Henry still drives by the old Chas. Henry Printing building, occasionally. “Boy, I’m glad I don’t have to do that anymore,” he admits. “Worrying about making payroll, and spending all of my nights and weekends doing the estimating and design work for the company.”
Henry views the technology advancements in platemaking to a computer-to-plate process, and those in typesetting, as being the most profound improvements he’s seen during his long career.
New Breed of Print Buyers
“As long as I’m able to do it, I want to keep working,” proclaims Henry, who still drives to visit his roughly 25 active accounts dispersed throughout Pennsylvania. He admits that the “typical” print buyer has changed in recent times. “There are less professional print buyers today,” he says, “and the young buyers don’t want to meet with you in person, or even talk on the phone. Instead, they want to communicate by email or through text messages.”
However, just as Henry has been able to transition from selling letterpress printing to offset output, he relies on his technical knowledge and consultative selling skills. “Lots of people who buy printing don’t know much about the technology, so they like to turn to an old guy like me to help find sources and answers to their technical questions.”

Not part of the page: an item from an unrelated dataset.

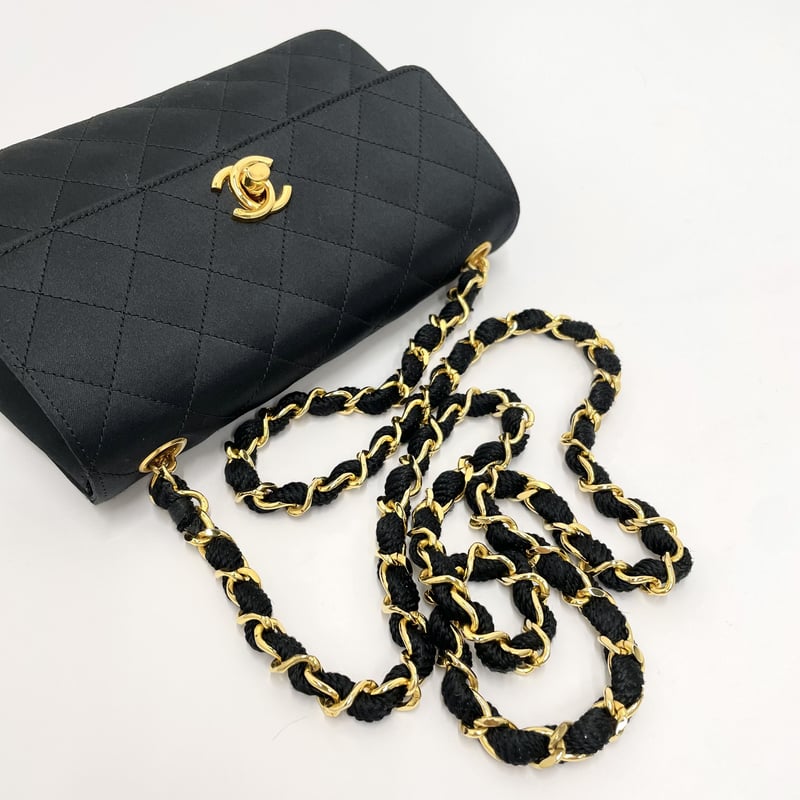 CHANEL　サテン　ミニミニ　マトラッセ シャネル ミニマトラッセ サテン チェーンショルダーバッグ ネイビー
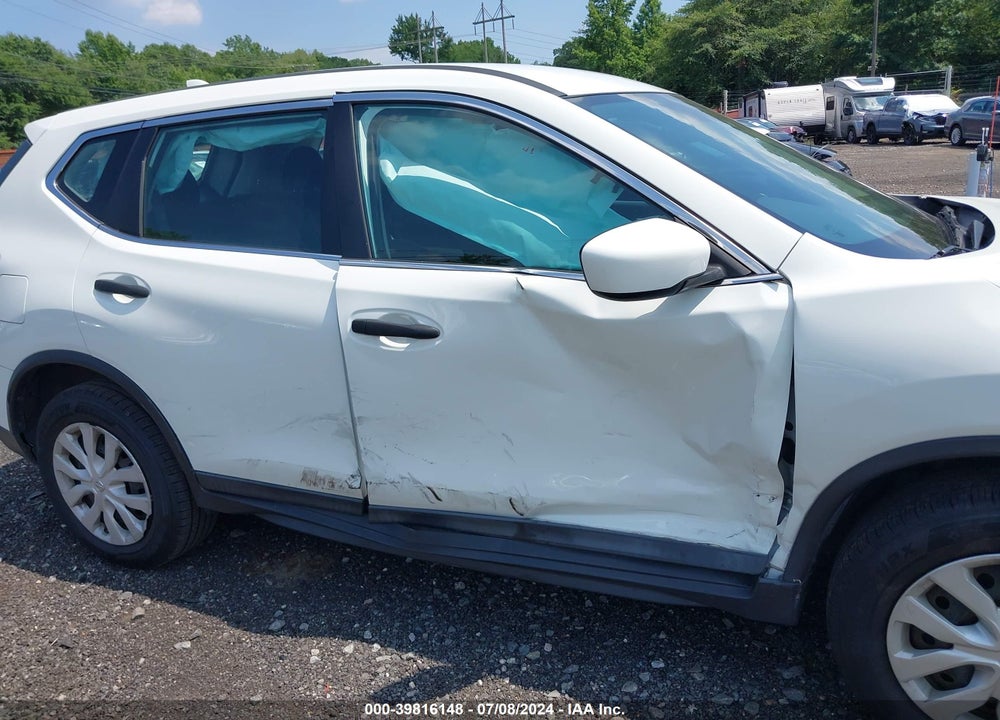 2017 NISSAN ROGUE S VIN: 5N1AT2MV1HC849007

Passion Extends Beyond Printing
But if Henry may admit to being old, he certainly doesn’t spend time in a rocking chair thinking about it. He plays a violin and viola in a local symphony, performs in a string quartet, actively participates in a book club, oversees the website and authors a newsletter for his local church — and is even writing copy to update Knepper’s website.
Oh, and he played tennis regularly, until grudgingly giving it up in August 2016 because he couldn’t bend over easily to pick up the ball due to his rheumatoid arthritis. “I also had lung surgery about a year ago,” Henry says matter of factly. “But, thanks to robotics, I was only in the hospital for five days.”
A father of three who was married to his first wife for more than 50 years until her passing, is now happily remarried to his second wife, herself a widow, for almost 15 years. Henry adds he was mostly a vegetarian for the last 50 years, and has shifted to a complete vegetarian diet for the past 15 years.
With a passion to continue participating in an industry he loves — and a mind still as sharp as a knife — nearly 90-year-old Charles Henry is an energetic industry star who continues to shine ever so brightly. If only all of our lifetimes could be so blessed with his sense of joie de vivre.